Yep, that's a great one.
Momma has gone from being one of my least favorite tracks on TPAB to being one of the most comforting and replayable. That beat is what happiness sounds like. I also love the knowing, self-deprecating lyrical content and that wild turn the outro takes.
Yeah I really love Momma as well. I'm not sure how you ever didn't love it!
I've been on a Kendrick kick since the gig and the conclusion I've come away with is that if I were to try and redo my top 10 albums or whatever, this record would absolutely be in there. It speaks to me on so many fucking levels. The production is
phenomenal. I've seen it catch some heat from more... shall we say 'elementary' hip-hop fans because it's all jazzy rather than phat beats, but it's just so up my fucking alley, from the rabid funk of Wesley's Theory to the jazz fusion of For Free to the free-form supporting role jazz of the 'skits' like the end of Mortal Man. It has a very cohesive theme that is still easily grasped by someone who has had the privilege of growing up white and middle-class in Australia.

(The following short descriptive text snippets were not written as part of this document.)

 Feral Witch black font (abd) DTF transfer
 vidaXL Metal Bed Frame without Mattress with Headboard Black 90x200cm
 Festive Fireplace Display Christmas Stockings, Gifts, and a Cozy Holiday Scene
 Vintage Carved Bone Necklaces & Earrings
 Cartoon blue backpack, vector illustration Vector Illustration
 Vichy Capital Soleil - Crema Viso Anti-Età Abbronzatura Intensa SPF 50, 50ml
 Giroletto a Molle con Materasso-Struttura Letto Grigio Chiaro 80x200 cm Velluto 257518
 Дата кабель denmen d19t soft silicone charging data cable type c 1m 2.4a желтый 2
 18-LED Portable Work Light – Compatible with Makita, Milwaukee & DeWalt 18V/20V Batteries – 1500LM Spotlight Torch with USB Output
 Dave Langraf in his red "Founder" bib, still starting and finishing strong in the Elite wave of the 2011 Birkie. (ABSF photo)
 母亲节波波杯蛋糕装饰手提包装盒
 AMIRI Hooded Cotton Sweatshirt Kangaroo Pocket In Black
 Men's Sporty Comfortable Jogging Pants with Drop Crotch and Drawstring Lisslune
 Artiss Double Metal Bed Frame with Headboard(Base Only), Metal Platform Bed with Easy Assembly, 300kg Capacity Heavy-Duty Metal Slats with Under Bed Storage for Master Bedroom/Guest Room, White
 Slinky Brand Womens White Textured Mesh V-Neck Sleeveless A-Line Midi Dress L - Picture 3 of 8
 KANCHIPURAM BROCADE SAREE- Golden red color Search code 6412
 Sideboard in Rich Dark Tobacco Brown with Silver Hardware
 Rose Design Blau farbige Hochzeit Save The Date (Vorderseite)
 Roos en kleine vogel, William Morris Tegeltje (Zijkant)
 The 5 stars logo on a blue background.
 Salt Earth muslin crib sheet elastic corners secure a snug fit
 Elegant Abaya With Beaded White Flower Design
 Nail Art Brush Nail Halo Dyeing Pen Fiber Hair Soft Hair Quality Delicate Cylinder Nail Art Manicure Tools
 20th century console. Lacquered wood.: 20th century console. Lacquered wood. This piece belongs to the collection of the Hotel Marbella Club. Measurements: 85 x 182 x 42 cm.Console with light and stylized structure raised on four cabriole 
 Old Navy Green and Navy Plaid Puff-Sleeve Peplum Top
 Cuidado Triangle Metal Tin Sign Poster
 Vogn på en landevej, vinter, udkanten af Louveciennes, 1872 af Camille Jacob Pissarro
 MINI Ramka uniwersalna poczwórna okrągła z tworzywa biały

Kendrick is rarely boastful, and when he is, it's either earned or it's a more meta examination of his status as a superstar when looking back on what he's come from. The samples are top-notch - Every N*gger is a Star, All for Myself to name a couple - the production combined with the full-band sound lend the record a liveliness that I'm not sure any other hip-hop album I've ever heard can compare to. It is willing to deepdive into themes that have been traditionally shunned by hip-hop - see u and i. It takes the fucking incredible single version of i, makes it a live performance and cuts it off halfway through for a message. What other album promotes itself with a massive single and then completely changes that single on the actual album?
How Much a Dollar Cost, The Blacker The Berry and Mortal Man all fill me with huge emotion. Just this morning I was walking into the office as the final few minutes of Mortal Man wound up. You have that incredible 'conversation' between Tupac and Kendrick, and then Kendrick reads his friend's poem - which, due to some new stuff I'm doing in my life, has resonated with me on a new, deeper level. The caterpillar who wants to be a butterfly, but is hamstrung by a culture and ideological and social norms that state a black man is weak if he becomes the butterfly, who is in touch with his emotions, and so pimps the butterfly for his own benefit and poisons it from the inside out. It's beautiful, heartbreaking stuff. And then as he's reading that you've got head-spinning, swirling horns that swell and swell until they reach the crescendo as Kendrick asks, with ever more increasing alarm and panic, for Pac. It fucking made me cry at 9am on a Tuesday morning right in the middle of the city.
It's just so fucking good. So good. A masterpiece in every sense of the word. One of only four records I can think of this decade that I'd give a 10/10.